Stent Fracture Resistance of a Cobalt Chromium Stent

Comparative studies are necessary to examine various devices' performance in the renal arteries.

By Mahmood K. Razavi, MD; Alexander Nikanorov, MD, PhD; H. Bob Smouse, MD; Hao-Ming Hsiao, PhD; and Michael D. Dake, MD
 

During the past 10 to 15 years, fractures of implanted metallic stents in various vascular and nonvascular beds have been reported. deVries et al reported fracture of a stent graft placed in the carotid artery of a 59-year-old man to treat a traumatic pseudoaneurysm 7 months after implantation.1 Carrozza reported recurrence of symptoms due to the fracture of a balloon-expandable stent placed across an aortic coarctation.2 Similarly, fractures have been reported in the coronary, subclavian, iliac, aortic, pulmonary, esophageal, tracheal, biliary, and venous stents, leading to late complications.

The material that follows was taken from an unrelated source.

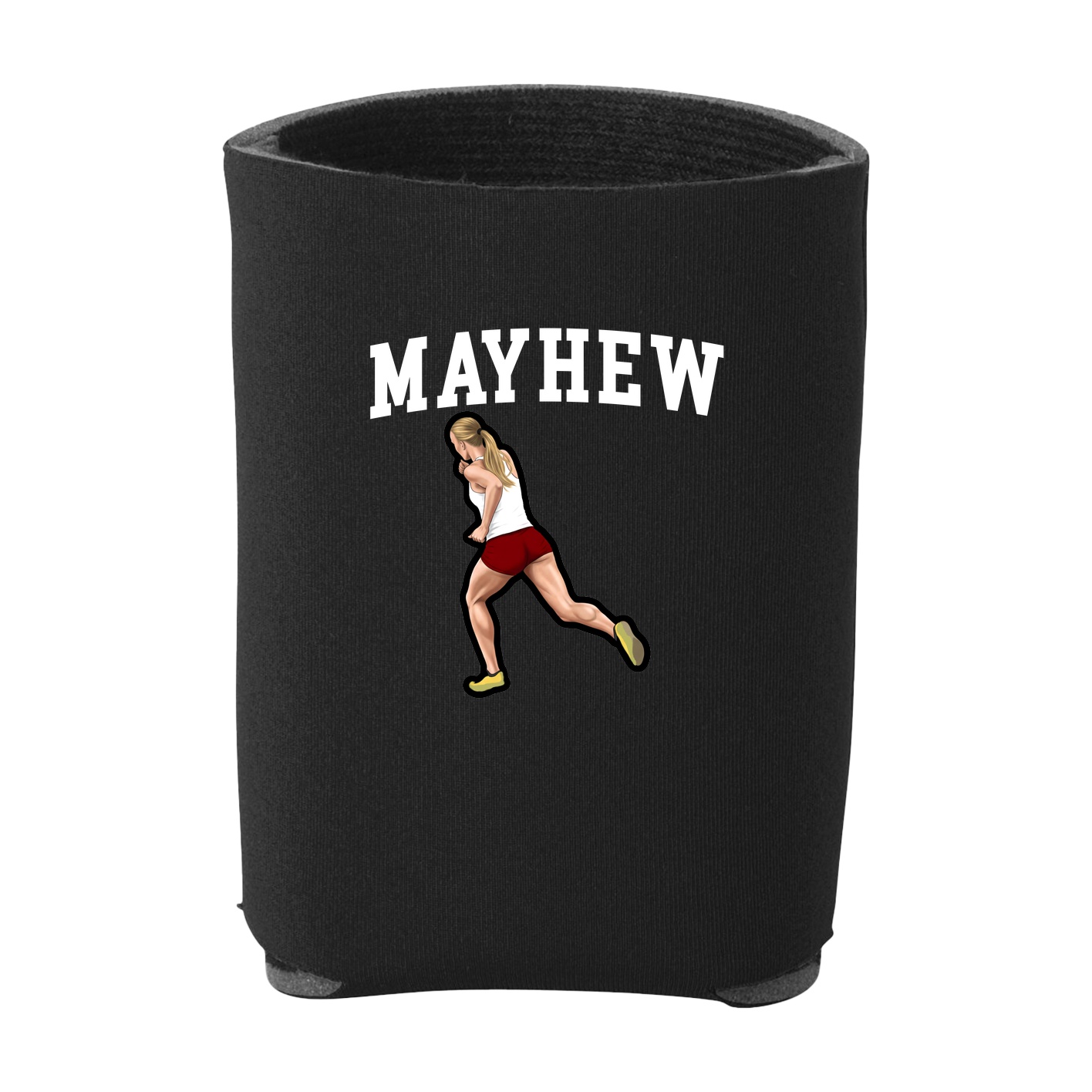 Can Holder — Shirsey in Black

Although stent fractures have been observed in all of the anatomic territories mentioned above, those in the superficial femoral artery (SFA) have attracted the most attention and generated the most intense scientific investigations. This may be due to the higher incidence of this problem in the SFA, caused mainly by its unique changes during various activities and positions of the lower limb as well as stent characteristics. Fractures of various SFA stents and their frequencies have been reported previously.3,4 Smouse et al analyzed biomechanical forces in the femoropopliteal arterial segment that could cause axial and bending fatigue of nitinol stents.5

Based on these biomechanical forces leading to stent fracture, disruption of stent integrity in renal arteries should be an exceedingly rare event, or is it? A review of the literature reveals that stent fractures have also been observed in the renal arteries. Bessias et al reported stent thrombosis in a 47-year-old patient with a single kidney and diseased renal artery who underwent placement of a balloon-expandable stent.6 The patient presented 25 days after the procedure with renal insufficiency and uncontrolled hypertension. Angiography showed a thrombosed stent necessitating an aortorenal bypass. The explanted renal artery revealed a fractured incompletely expanded stent.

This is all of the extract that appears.